Le 11 février, le régime du président Saied a lancé une campagne de protestation qui n’a pas cessé depuis, contre des dirigeants politiques, des personnalités des médias, des journalistes, des juges et des hauts fonctionnaires, pour des accusations de “complot contre la sécurité de l’État et d’acte offensant contre le président de la République”, en plus d’autres accusations qui ont été transmises au parquet militaire, ce qui amène à s’interroger sur l’implication de l’armée tunisienne dans les actions entreprises par Saied.

Les arrestations arbitraires ont été entachées de plusieurs vices de procédure, ce qui a suscité des critiques de la part d’organisations internationales et d’observatoires de premier plan dans le domaine des droits de l’homme.
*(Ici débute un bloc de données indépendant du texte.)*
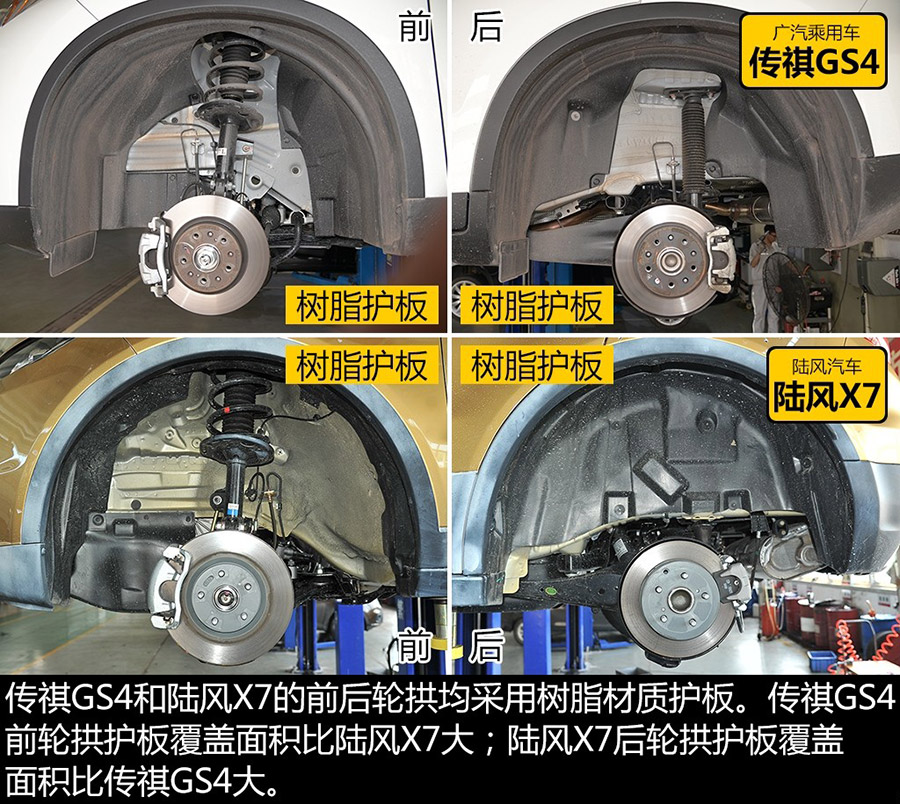 陆风X7PK传祺GS4底盘 做工有差异 
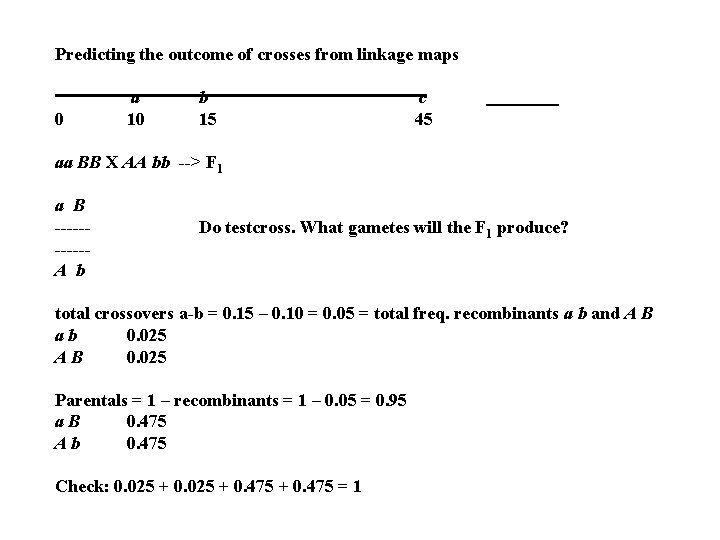 Predicting the outcome of crosses from linkage maps 0 a 10 b 15 c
Les normes relatives à la durée et aux conditions de litige et de détention n’ont pas été respectées. Les poursuites et le harcèlement se sont parfois étendus aux familles des détenus, et aucune preuve, et dans de nombreux cas, aucune accusation, n’a été présentée contre eux.

En outre, les syndicats et les partis politiques continuent d’être soumis à un harcèlement et à des restrictions, constants. Monsieur Saied continue de cibler tous les “corps intermédiaires” en les accusant de “collaboration” ou de “trahison”. Les associations de la société civile ont également fait l’objet de poursuites, d’arrestations arbitraires et de privation de représentation, dans un contexte de violence croissante au sein de la société due à l’adoption par les autorités de discours et de rhétorique racistes et discriminatoires incitant aux luttes intestines et portant atteinte à la dignité humaine.

Compte tenu de ce qui précède, nous, soussignés, demandons ce qui suit :

  1. La libération immédiate et inconditionnelle de tous les détenus politiques. Nous demandons également aux autorités tunisiennes de reconnaître les traités nationaux et internationaux relatifs aux droits de l’homme qu’elles ont ratifiés.
  2. Nous demandons aux autorités tunisiennes de cesser de démanteler la démocratie naissante et de mettre fin aux procès et aux poursuites inéquitables contre les opposants politiques au régime et contre toute personne qui le critique.
  3. Nous appelons tous les militants et observateurs à rejoindre le mouvement national pour le rétablissement de la démocratie et la fin du régime autoritaire qui a ramené la Tunisie au despotisme, à l’injustice et aux violations des droits et des libertés.